Even fake people can get credit. It’s called synthetic identity theft.
This means a thief steals bits and pieces of data, uses a real Social Security number and creates a fictitious identity and name for a “new” person.
The Federal Trade Commission estimates that 85% of identity theft is now considered synthetic identity theft. Protect your confidential information!
It’s still profitable for thieves to target banks, retailers, and organizations, like health care providers, universities and entertainment companies. Even though these data collectors may have stepped up security, you should protect your own information and:
• Ask to use an identifier other than your Social Security number.
• Ask data collectors to shred discarded documents that contain your information, or take them.
• Monitor financial accounts for fraud.
• Use only secure websites when shopping online.
• Do not give permission to online sites (and limit the number) that store your credit card information.

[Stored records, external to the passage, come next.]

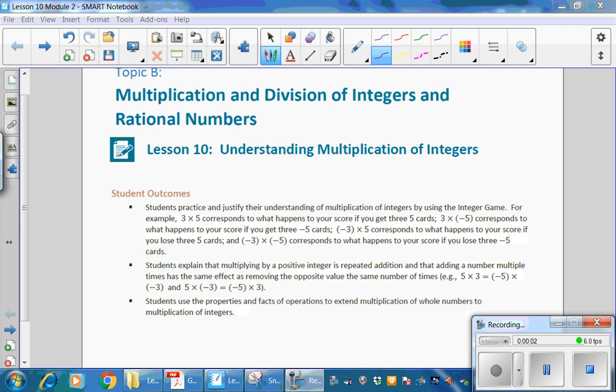This is Mrs. Zappia with Topic B from Module 2, Multiplication and Division of Integers and Rational Numbers. Lesson 10, Understanding Multiplication of Integers.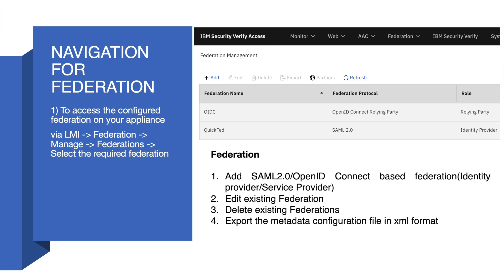Also, you can see a Federation named OIDC which is following the OpenID Connect protocol and is acting as a relying party.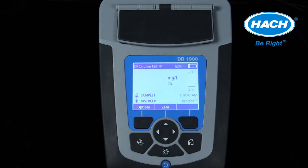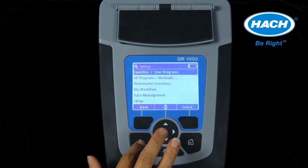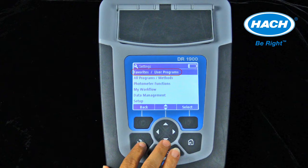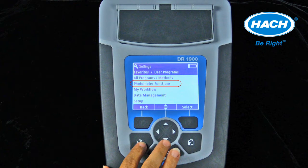The wrench key enters the settings menu. The software settings menu allows for the following instrument controls, such as selecting favorite programs, user programs, or Hawk stored programs, and photometer functions that allow the spectrophotometer to measure in single, multi-wavelength, or in time course mode.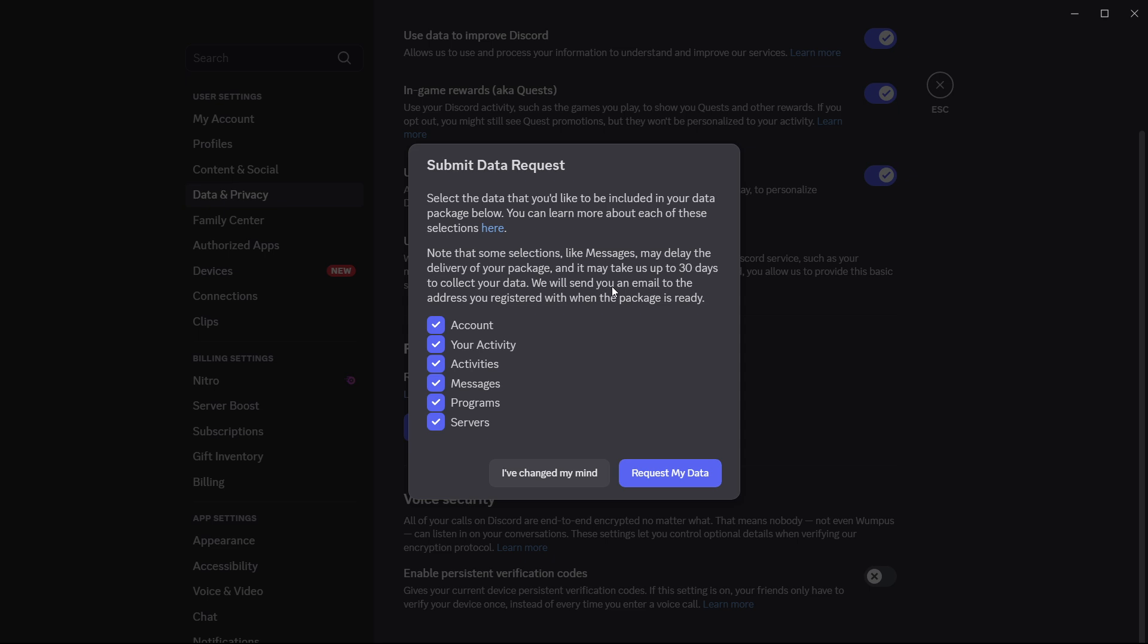What you also have to know is that while it does take up to 30 days to process, you can't make another request while a request is pending. And if you disable or delete your account before you receive your download link, it will cancel your request and you won't be able to get your data.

• Check your credit reports regularly.
• Shred personal information, forms, statements, and receipts not needed.
• Update security software often for your computers and cell phones.
• Do not transmit sensitive data over an unsecure or public WiFi connection.
• Use strong passwords and change them often.
• If notified of a security breach that involves your information, change account numbers and passwords.
• Consider an identity theft monitoring service, which may be offered by your bank or credit union.